1 Reply Latest reply on Jan 12, 2014 4:03 AM by tugrul_512bit

    About Gaussian filter

    chandrakala

      Hi All,

       

      how to apply a gaussain mask to an rgb image using opencl.

      i want know how to apply a mask for 3 channels of an input rgb image.

       

      Please help me.

       

       

      Regards

      R.Chandrakala

        • Re: About Gaussian filter
          tugrul_512bit

          From the "Gaussian" name, it resembles a distribution graph which looks "more" in the middle but lesser on the "neighbours" and keep decreasing until 3nd - 5th far neighbours with an exponential rate. The shape of gaussian function can change filterin quality maybe.

           

          If it were to be used as a "mask" then something like: (sum of all multiplied with their multipliers and summed. The sum is divided by total sum of multipliers)

           

          0  0  0  0  2  3  2  0  0  0  0

          0  0  0  2  3  5  3  2  0  0  0

          0  0  2  3  5  7  5  3  2  0  0

          0  2  3  5  7  8  7  5  3  2  0  --->just used arbitrary numbers, these should fit a function of Gaussian Distribution  Gaussian filter - Wikipedia, the free encyclopedia

          0  0  2  3  5  7  5  3  2  0  0

          0  0  0  2  3  5  3  2  0  0  0

          0  0  0  0  2  3  2  0  0  0  0

          0  0  0  0  0  2  0  0  0  0  0

           

          of course the multipliers should be between 0 and 1 with an exponential sense. If r,g,b are separately arrays, then it should be ok but if it is r,g,b,a,x,y,z,r,g,b,a,x,y,z, ,... in a single array, it could be a slower operation due to non-coalesced accesses.

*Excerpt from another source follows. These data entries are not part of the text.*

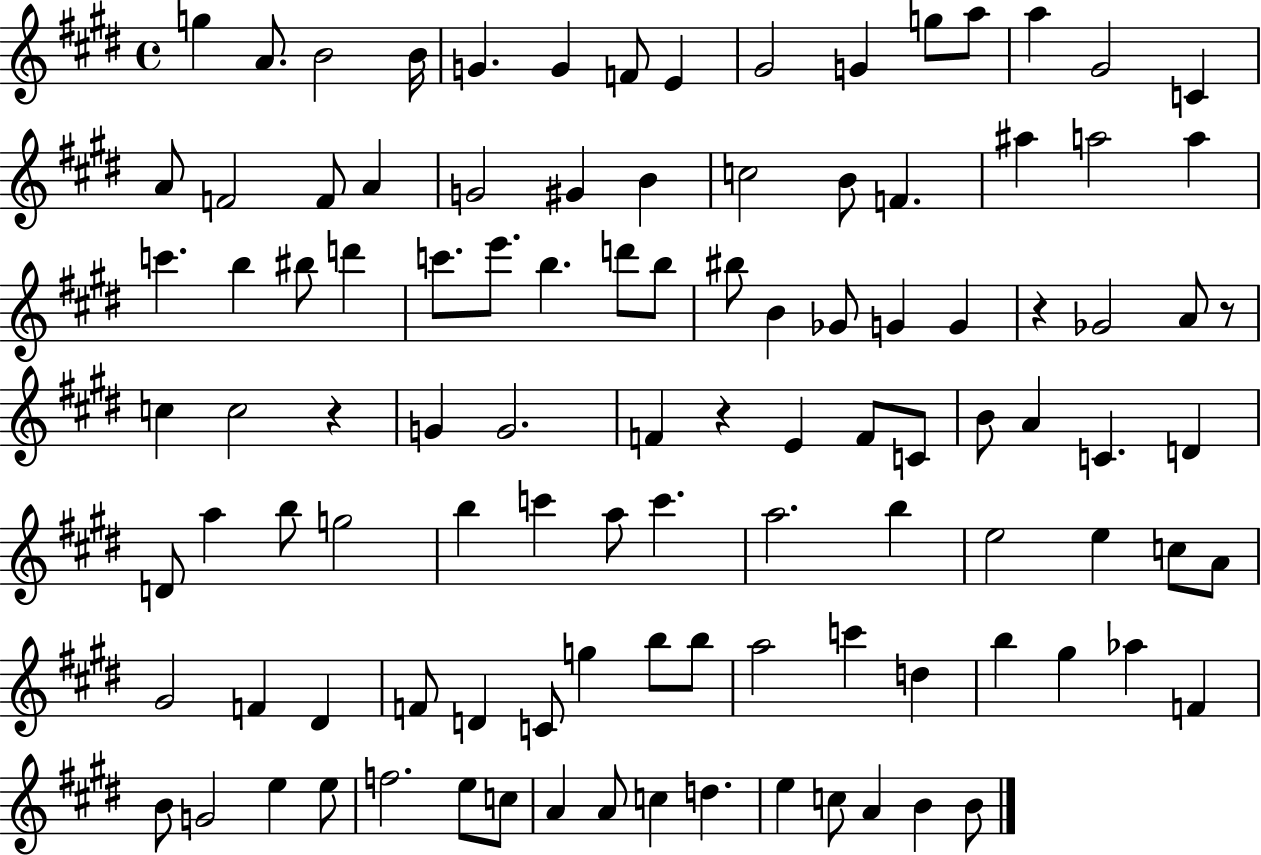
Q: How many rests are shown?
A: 4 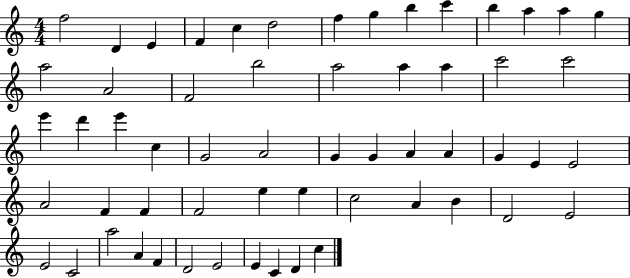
F5/h D4/q E4/q F4/q C5/q D5/h F5/q G5/q B5/q C6/q B5/q A5/q A5/q G5/q A5/h A4/h F4/h B5/h A5/h A5/q A5/q C6/h C6/h E6/q D6/q E6/q C5/q G4/h A4/h G4/q G4/q A4/q A4/q G4/q E4/q E4/h A4/h F4/q F4/q F4/h E5/q E5/q C5/h A4/q B4/q D4/h E4/h E4/h C4/h A5/h A4/q F4/q D4/h E4/h E4/q C4/q D4/q C5/q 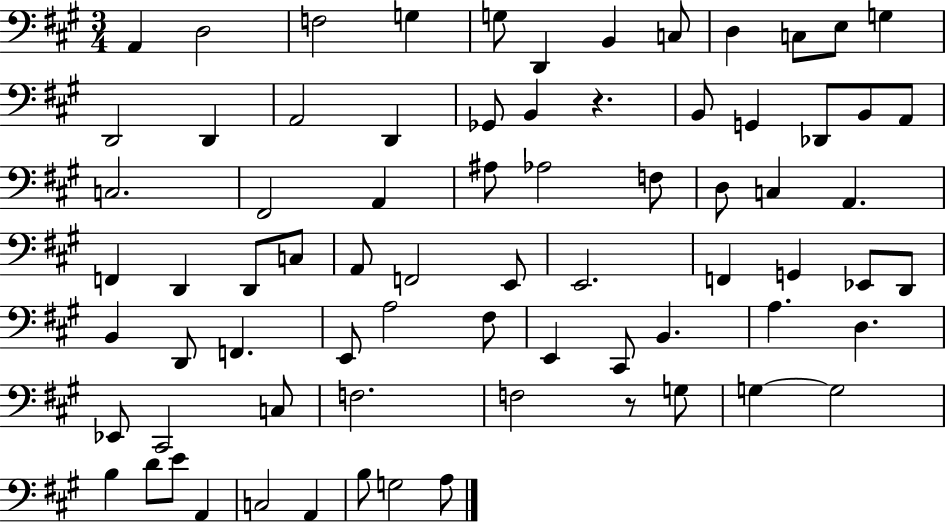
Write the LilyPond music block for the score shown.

{
  \clef bass
  \numericTimeSignature
  \time 3/4
  \key a \major
  a,4 d2 | f2 g4 | g8 d,4 b,4 c8 | d4 c8 e8 g4 | \break d,2 d,4 | a,2 d,4 | ges,8 b,4 r4. | b,8 g,4 des,8 b,8 a,8 | \break c2. | fis,2 a,4 | ais8 aes2 f8 | d8 c4 a,4. | \break f,4 d,4 d,8 c8 | a,8 f,2 e,8 | e,2. | f,4 g,4 ees,8 d,8 | \break b,4 d,8 f,4. | e,8 a2 fis8 | e,4 cis,8 b,4. | a4. d4. | \break ees,8 cis,2 c8 | f2. | f2 r8 g8 | g4~~ g2 | \break b4 d'8 e'8 a,4 | c2 a,4 | b8 g2 a8 | \bar "|."
} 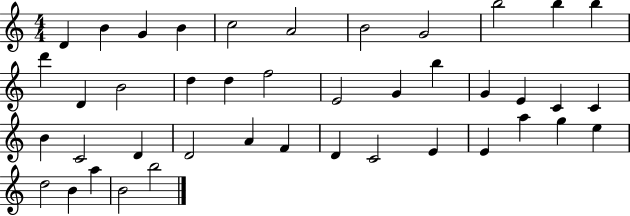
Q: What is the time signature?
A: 4/4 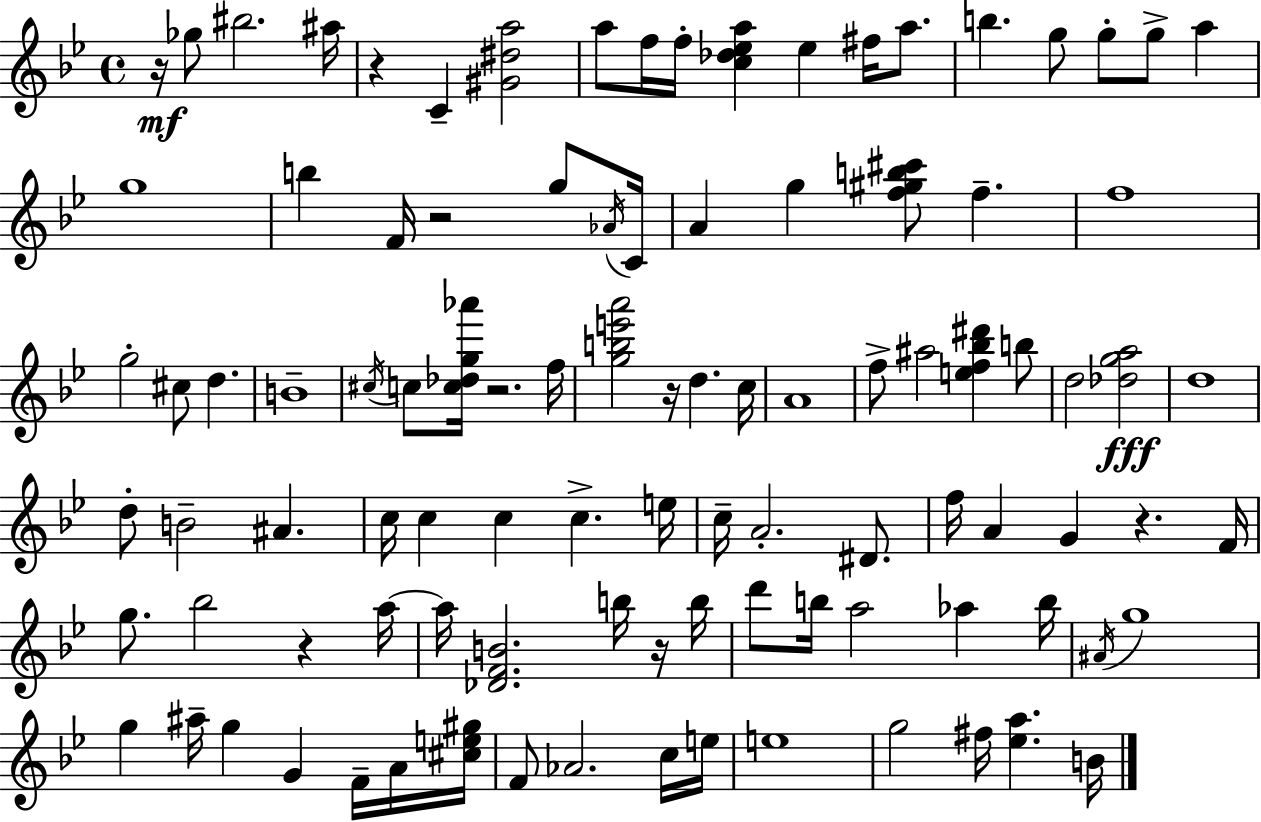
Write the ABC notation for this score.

X:1
T:Untitled
M:4/4
L:1/4
K:Gm
z/4 _g/2 ^b2 ^a/4 z C [^G^da]2 a/2 f/4 f/4 [c_d_ea] _e ^f/4 a/2 b g/2 g/2 g/2 a g4 b F/4 z2 g/2 _A/4 C/4 A g [f^gb^c']/2 f f4 g2 ^c/2 d B4 ^c/4 c/2 [c_dg_a']/4 z2 f/4 [gbe'a']2 z/4 d c/4 A4 f/2 ^a2 [ef_b^d'] b/2 d2 [_dga]2 d4 d/2 B2 ^A c/4 c c c e/4 c/4 A2 ^D/2 f/4 A G z F/4 g/2 _b2 z a/4 a/4 [_DFB]2 b/4 z/4 b/4 d'/2 b/4 a2 _a b/4 ^A/4 g4 g ^a/4 g G F/4 A/4 [^ce^g]/4 F/2 _A2 c/4 e/4 e4 g2 ^f/4 [_ea] B/4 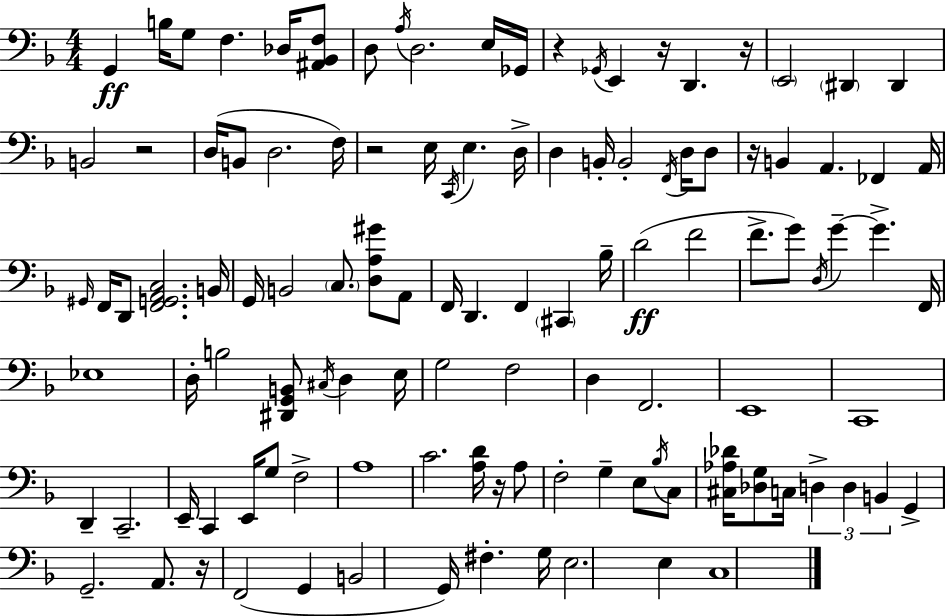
G2/q B3/s G3/e F3/q. Db3/s [A#2,Bb2,F3]/e D3/e A3/s D3/h. E3/s Gb2/s R/q Gb2/s E2/q R/s D2/q. R/s E2/h D#2/q D#2/q B2/h R/h D3/s B2/e D3/h. F3/s R/h E3/s C2/s E3/q. D3/s D3/q B2/s B2/h F2/s D3/s D3/e R/s B2/q A2/q. FES2/q A2/s G#2/s F2/s D2/e [F2,G2,A2,C3]/h. B2/s G2/s B2/h C3/e. [D3,A3,G#4]/e A2/e F2/s D2/q. F2/q C#2/q Bb3/s D4/h F4/h F4/e. G4/e D3/s G4/q G4/q. F2/s Eb3/w D3/s B3/h [D#2,G2,B2]/e C#3/s D3/q E3/s G3/h F3/h D3/q F2/h. E2/w C2/w D2/q C2/h. E2/s C2/q E2/s G3/e F3/h A3/w C4/h. [A3,D4]/s R/s A3/e F3/h G3/q E3/e Bb3/s C3/e [C#3,Ab3,Db4]/s [Db3,G3]/e C3/s D3/q D3/q B2/q G2/q G2/h. A2/e. R/s F2/h G2/q B2/h G2/s F#3/q. G3/s E3/h. E3/q C3/w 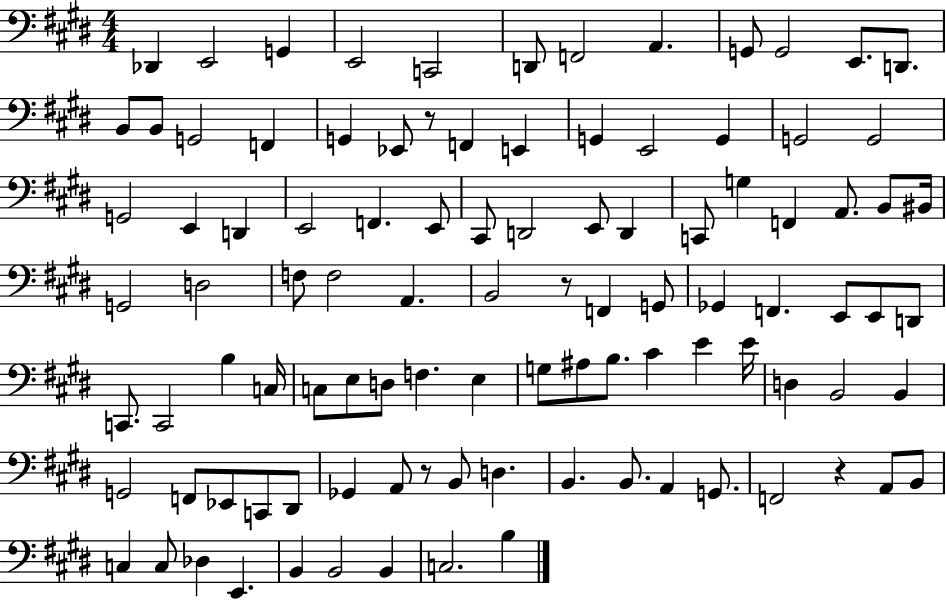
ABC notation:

X:1
T:Untitled
M:4/4
L:1/4
K:E
_D,, E,,2 G,, E,,2 C,,2 D,,/2 F,,2 A,, G,,/2 G,,2 E,,/2 D,,/2 B,,/2 B,,/2 G,,2 F,, G,, _E,,/2 z/2 F,, E,, G,, E,,2 G,, G,,2 G,,2 G,,2 E,, D,, E,,2 F,, E,,/2 ^C,,/2 D,,2 E,,/2 D,, C,,/2 G, F,, A,,/2 B,,/2 ^B,,/4 G,,2 D,2 F,/2 F,2 A,, B,,2 z/2 F,, G,,/2 _G,, F,, E,,/2 E,,/2 D,,/2 C,,/2 C,,2 B, C,/4 C,/2 E,/2 D,/2 F, E, G,/2 ^A,/2 B,/2 ^C E E/4 D, B,,2 B,, G,,2 F,,/2 _E,,/2 C,,/2 ^D,,/2 _G,, A,,/2 z/2 B,,/2 D, B,, B,,/2 A,, G,,/2 F,,2 z A,,/2 B,,/2 C, C,/2 _D, E,, B,, B,,2 B,, C,2 B, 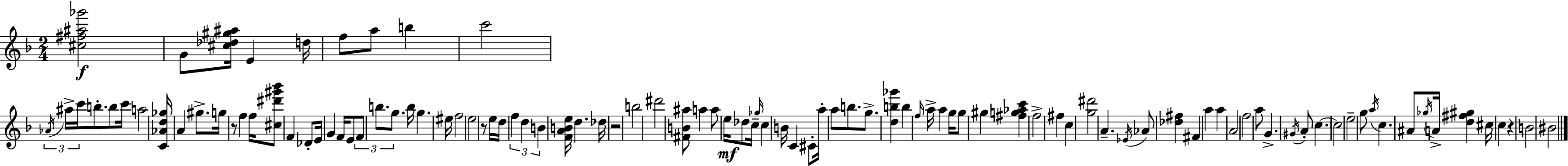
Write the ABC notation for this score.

X:1
T:Untitled
M:2/4
L:1/4
K:F
[^c^f^a_g']2 G/2 [^c_d^g^a]/4 E d/4 f/2 a/2 b c'2 _A/4 ^a/4 c'/4 b/2 b/2 c'/4 a2 [C_Ad_g]/4 A ^g/2 g/4 z/2 f f/4 [^c^d'^g'_b']/2 F _D/2 E/4 G F/4 E/2 F/2 b/2 g/2 b/4 g ^e/4 f2 e2 z/2 e/4 d/4 f d B [FABe]/4 d _d/4 z2 b2 ^d'2 [^FB^a]/2 a a/2 e/4 _d/2 c/4 _g/4 c B/4 C ^C/2 a/4 a/2 b/2 g/2 [db_g'] b f/4 a/4 a g/4 g/2 ^g [^fg_ac'] f2 ^f c [g^d']2 A _E/4 _A/2 [_d^f] ^F a a A2 f2 a/2 G ^G/4 A/2 c c2 e2 g/2 a/4 c ^A/2 _g/4 A/4 [d^f^g] ^c/4 c z B2 ^B2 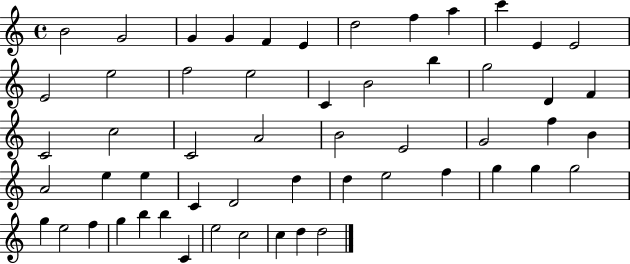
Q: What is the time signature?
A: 4/4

          And of course using a different array/image to write the results would be race-free.

           

          For the example of upper scheme, I take sumNeighbours( r(i,j)*multiplier(i,j)  ) then divide the result by sumMultipliers(multiplier(i,j)) then repeat that for g,b elements.

           

          Maybe hardware is capable of this thing easily? Derivatives of r,g,b values through a patch can be more appropriate because the multipliers would not be constants anymore and fits more to the picture's singularities/jaggies.

           

           

          Maybe Im totally wrong and this is handled by some FFT algorithm that takes all image into consideration in professional applications.